I've encountered an issue with some nodes in a Redis cluster during a manual failover, where the state seen by certain nodes becomes incorrect.

The normal scenario for a failover is as follows:

sequenceDiagram
actor user
user->>NodeA: redis-cli cluster failover
NodeA->>NodeB: manual failover start
activate NodeB
NodeB->>NodeA: ping with offset
NodeB->>NodeA: ping with offset
NodeA->>NodeC: auth failover
NodeC->>NodeA: vote
Note over NodeA: cluster nodes<br/>NodeA: master, 0-100<br/>NodeB: master, 0-0<br/>NodeC: master, 101-200
NodeA->>NodeB: PONG, i'm master, slot 0-100
Note over NodeB: cluster nodes<br/>NodeA: master, 0-100<br/>NodeB: replica of NodeA<br/>NodeC: master, 101-200
deactivate NodeB
NodeA->>NodeC: PONG, i'm master, slot 0-100
Note over NodeC: cluster nodes<br/>NodeA: master, 0-100<br/>NodeB: master, 0-0<br/>NodeC: master, 101-200
NodeB->>NodeA: PONG, i'm replica
Note over NodeA: cluster nodes<br/>NodeA: master, 0-100<br/>NodeB: replica of NodeA<br/>NodeC: master, 101-200
NodeB->>NodeC: PONG, i'm replica
Note over NodeC: cluster nodes<br/>NodeA: master, 0-100<br/>NodeB: replica of NodeA<br/>NodeC: master, 101-200

However, if NodeA's message is not delivered due to network latency or other reasons, the state viewed by NodeC becomes incorrect:

sequenceDiagram
actor user
user->>NodeA: redis-cli cluster failover
NodeA->>NodeB: manual failover start
activate NodeB
NodeB->>NodeA: ping with offset
NodeB->>NodeA: ping with offset
NodeA->>NodeC: auth failover
NodeC->>NodeA: vote
Note over NodeA: cluster nodes<br/>NodeA: master, 0-100<br/>NodeB: master, 0-0<br/>NodeC: master, 101-200
NodeA->>NodeB: PONG, i'm master, slot 0-100
Note over NodeB: cluster nodes<br/>NodeA: master, 0-100<br/>NodeB: replica of NodeA<br/>NodeC: master, 101-200
deactivate NodeB
NodeB->>NodeA: PONG, i'm replica
Note over NodeA: cluster nodes<br/>NodeA: master, 0-100<br/>NodeB: replica of NodeA<br/>NodeC: master, 101-200
NodeB->>NodeC: PONG, i'm replica
Note over NodeC: cluster nodes<br/>NodeA: replica of NodeB<br/>NodeB: replica of NodeA<br/>NodeC: master, 101-200
Note over NodeA: delayed some reason...
NodeA->>NodeC: PONG, i'm master, slot 0-100
Note over NodeC: cluster nodes<br/>NodeA: master, 0-100<br/>NodeB: replica of NodeA<br/>NodeC: master, 101-200

In this case, NodeC recognizes NodeA and NodeB as being in a circular replication state, and some slots are lost. This state persists until NodeA sends a PONG to NodeC. This situation can be easily reproduced by dropping packets from NodeA to NodeC using iptables.
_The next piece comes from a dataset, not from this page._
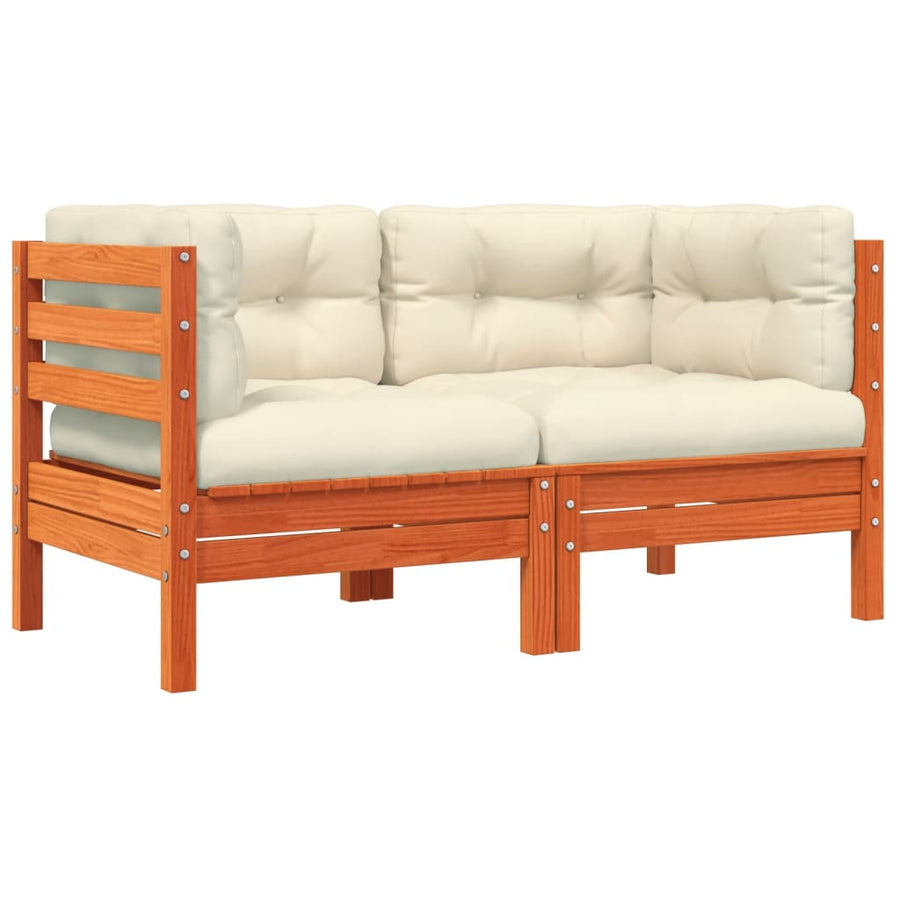 Tuinbank 2-zits met kussens en voetenbank Bruingrenen 2x corner + footrest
I propose a solution that involves delaying the transition to an incorrect state when a node's status changes are detected. Specifically, if a sender is to become a replica, and the sender still owns slots while the new master is a replica of the sender, then the process of turning the sender into a replica should be delayed. This approach can prevent temporary circular replication and slot loss, as well as avoid additional problems(eg: https://github.com/redis/redis/pull/10489#issuecomment-1728593084 , https://github.com/lettuce-io/lettuce-core/issues/2578). (not sure...)

The proposed behavior involves a delay in the transition of a master to a replica in the event of a network partition. However, the scenario where the old master receives the message to become a replica before the message promoting a new master is very rare and unlikely to occur in most situations. Additionally, experiencing 1-2 extra 'moved' errors due to this delay is safer than not being able to find a node at all.
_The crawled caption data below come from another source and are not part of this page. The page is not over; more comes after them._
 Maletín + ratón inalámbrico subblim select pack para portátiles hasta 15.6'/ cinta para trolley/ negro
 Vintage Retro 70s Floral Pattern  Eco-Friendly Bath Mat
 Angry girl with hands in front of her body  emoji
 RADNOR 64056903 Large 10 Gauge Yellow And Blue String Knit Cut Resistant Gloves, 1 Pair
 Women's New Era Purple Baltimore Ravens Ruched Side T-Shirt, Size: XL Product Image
If need any further explanation or details about the situation, please let me know.

Comment From: zuiderkwast

So you want B to delay sending "PONG i'm replica" to C? Or should C delay the handling of the message? Should the delay be configurable or a fixed number of seconds? Another option is that C can simply ignore the PONG from B if it creates a circular dependency?

@madolson @PingXie @srgsanky Are you familiar with this scenario?

Comment From: MagicalLas

I meant C will be ignore the PONG of B. I don't know if it's an accurate and proper implementation, but I thought about ignoring it by adding a check if it's a circular reference like this. -> https://github.com/MagicalLas/redis/commit/49d8cd95cd2f98aae292d9e631ae66bd9345dcf6

Comment From: srgsanky

With this scenario, the clients that receive the cluster nodes or cluster slots response from Node C will

  1. See that no one is serving the given slot range.
  2. Will go in a (local) infinite loop trying to find the primary of a replica unless this case is handled. (I am not sure if this is a valid usecase for a client if we don't know the slots served by a shard).
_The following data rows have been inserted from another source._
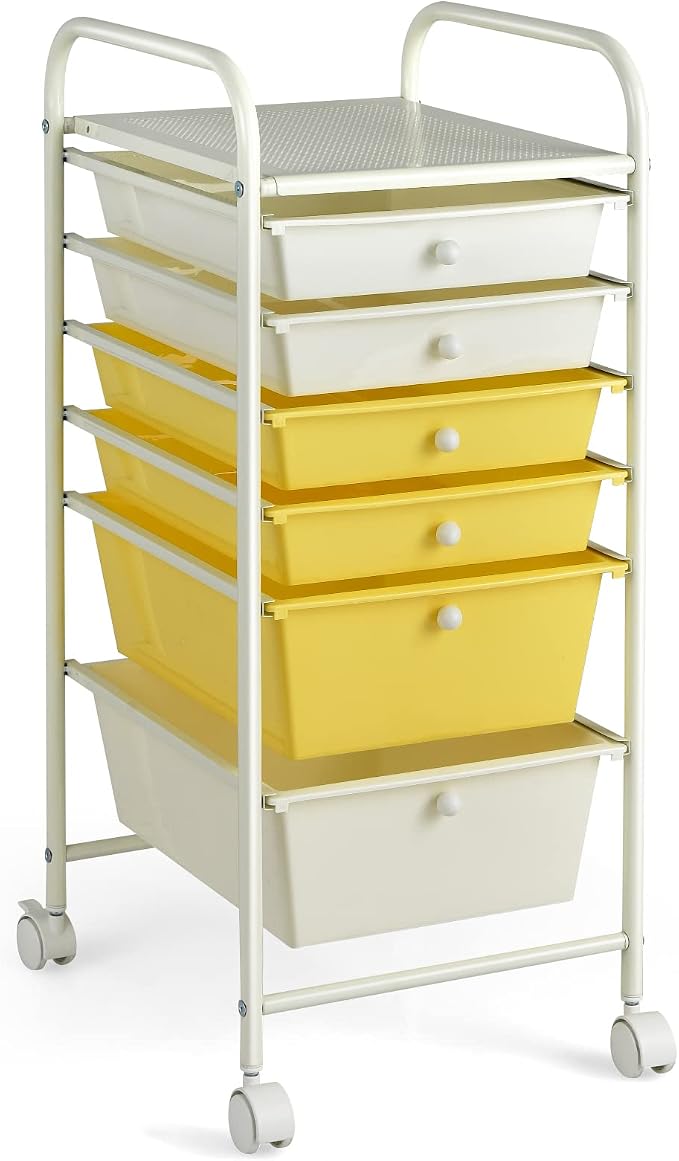 Giantex 6 Storage Drawer Cart Rolling Organizer Cart for Tools Scrapbook Paper Home Office School Multipurpose Mobile Utility Cart (Beige & Yellow) - Image 9
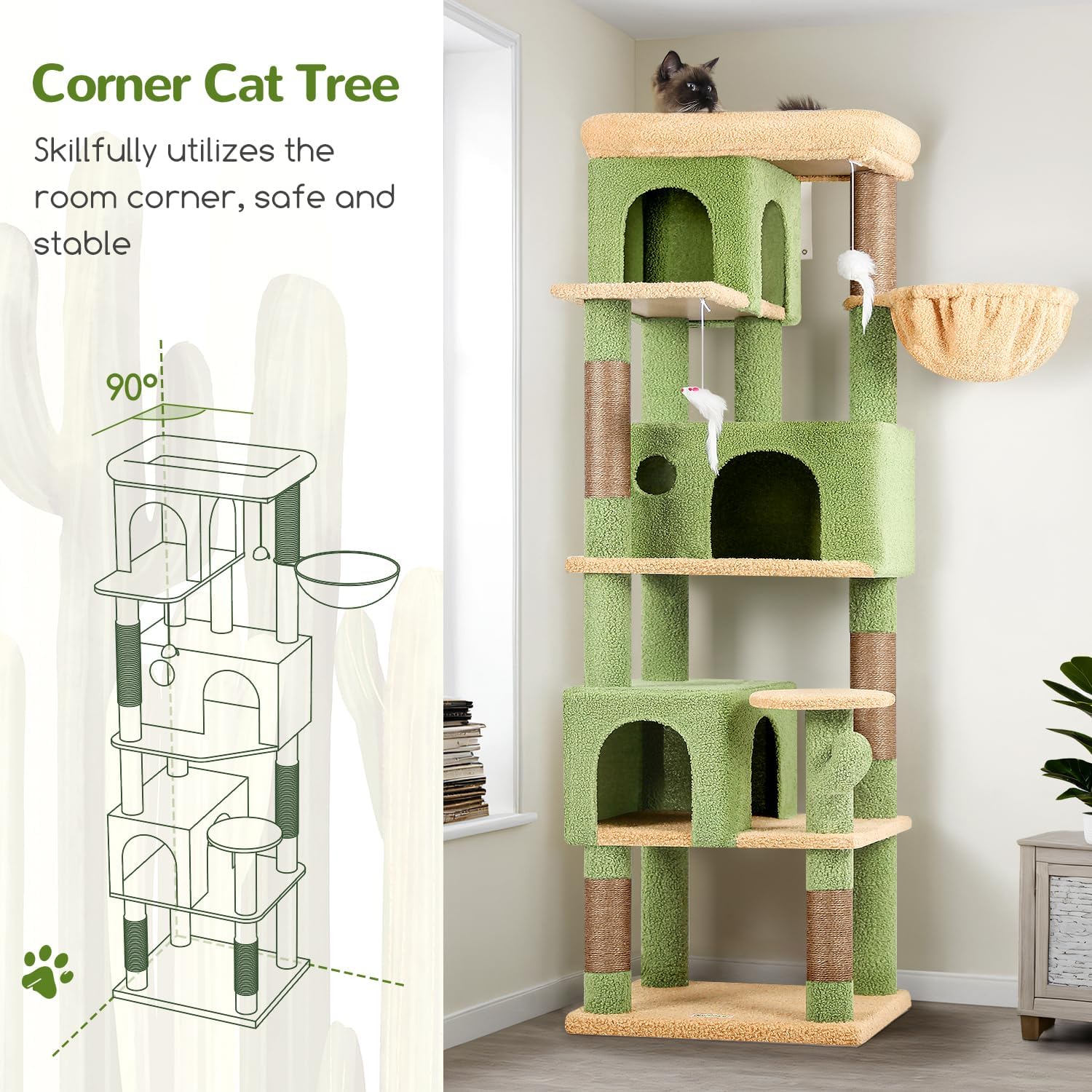 Globlazer Corner Cactus Cat Tree 66 inch Multi-Level Cactus Climbing T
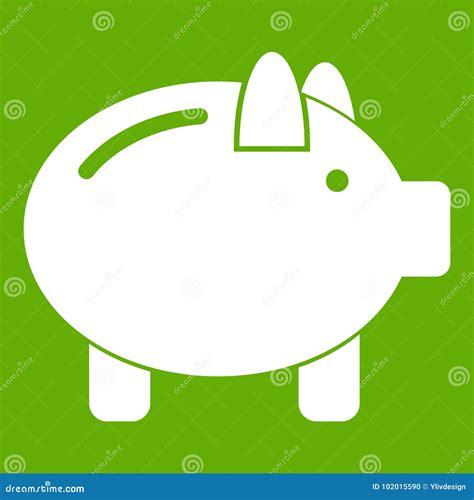 Piggy Bank Icon Green Stock Vector Illustration Of Financial 102015590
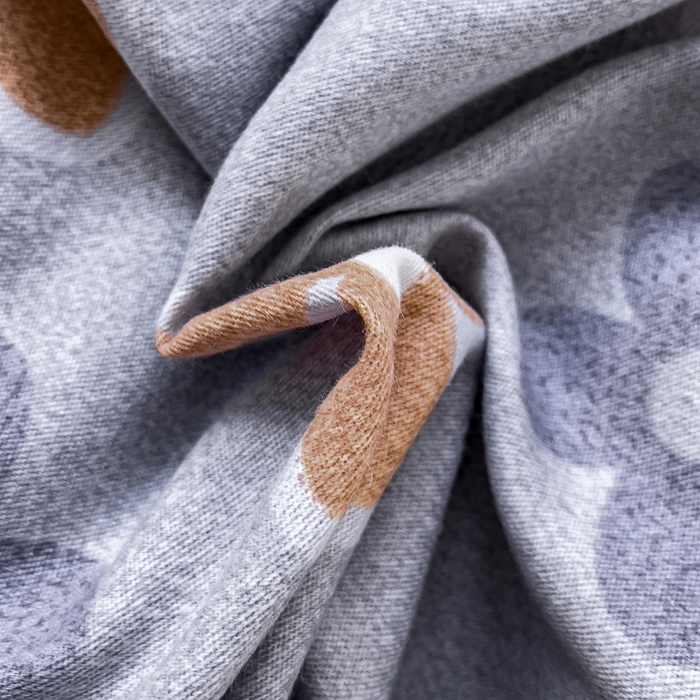 91家纺网 家纺一手货源 找家纺 江南春 2024新款春夏全棉加厚磨毛床单 轻奢时代-灰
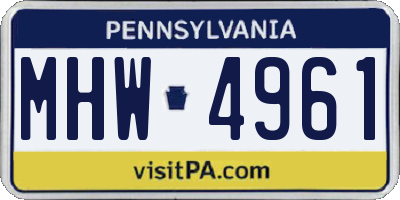 PA license plate MHW4961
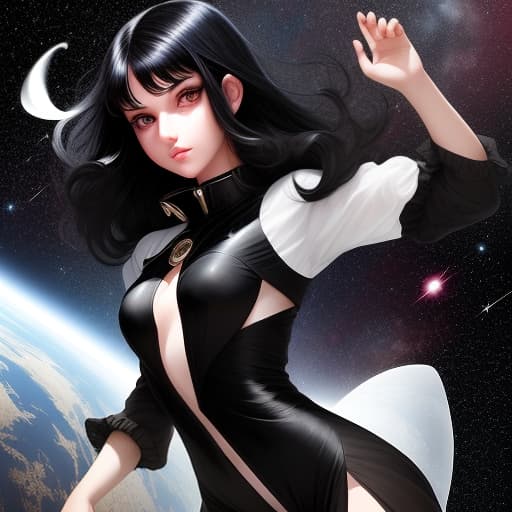  a beautiful girl with black hair, eyes like space, flies among the stars and poses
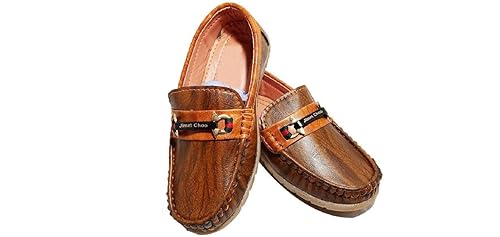 FOOTONREST Boys Latest Brown Color Outdoor Formal Casual Ethnic Daily Use Kids Loafers Shoes 3 Year to 8 Years Kids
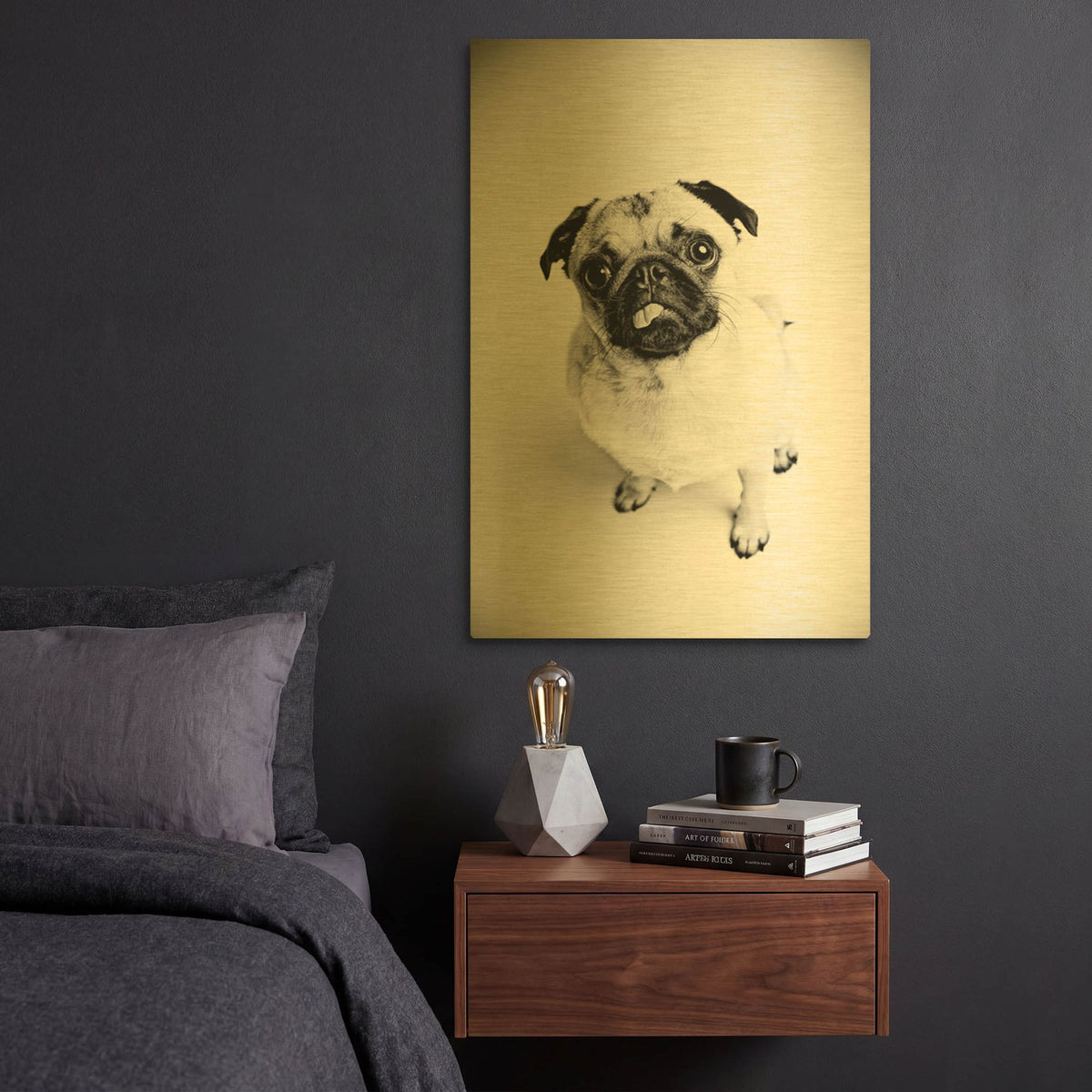 'Piggie 7' By Susan Sabo Gold Metal Wall Art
On Node C, the cluster state will go to FAIL since not all slots are covered (assuming the default cluster-require-full-coverage=yes).

At a high level, I think it makes sense to delay handling a switch from REPLICA->PRIMARY when a node doesn't know the new PRIMARY in a shard. We may also want to switch the role of other nodes in the shard to replica simultaneously to avoid multi-PRIMARY cases. I haven't given enough thought about other failure modes where this can be harmful.

Comment From: PingXie

Delaying isn't a true fix. It does make it less likely to end up without a primary, but it doesn't fully eliminate this problem and it might have new implications that I feel hard to reason about. Also, the other state of having two primaries ("NodeA: master, 0-100;NodeB: master, 0-0") isn't consistent either but it just happens to be the case that this inconsistency is "harmless", an implementation coincidence IMO.

The issue at the core is that the observer nodes are seeing intermediate states within a supposedly atomic/isolated transaction (of A taking over B's primary-ship). This is equivalent to the money-transfer case where the two operations, both withdraw and deposit, need to be done in an ACID transaction to have an externally consistent sum view throughout the entire transaction.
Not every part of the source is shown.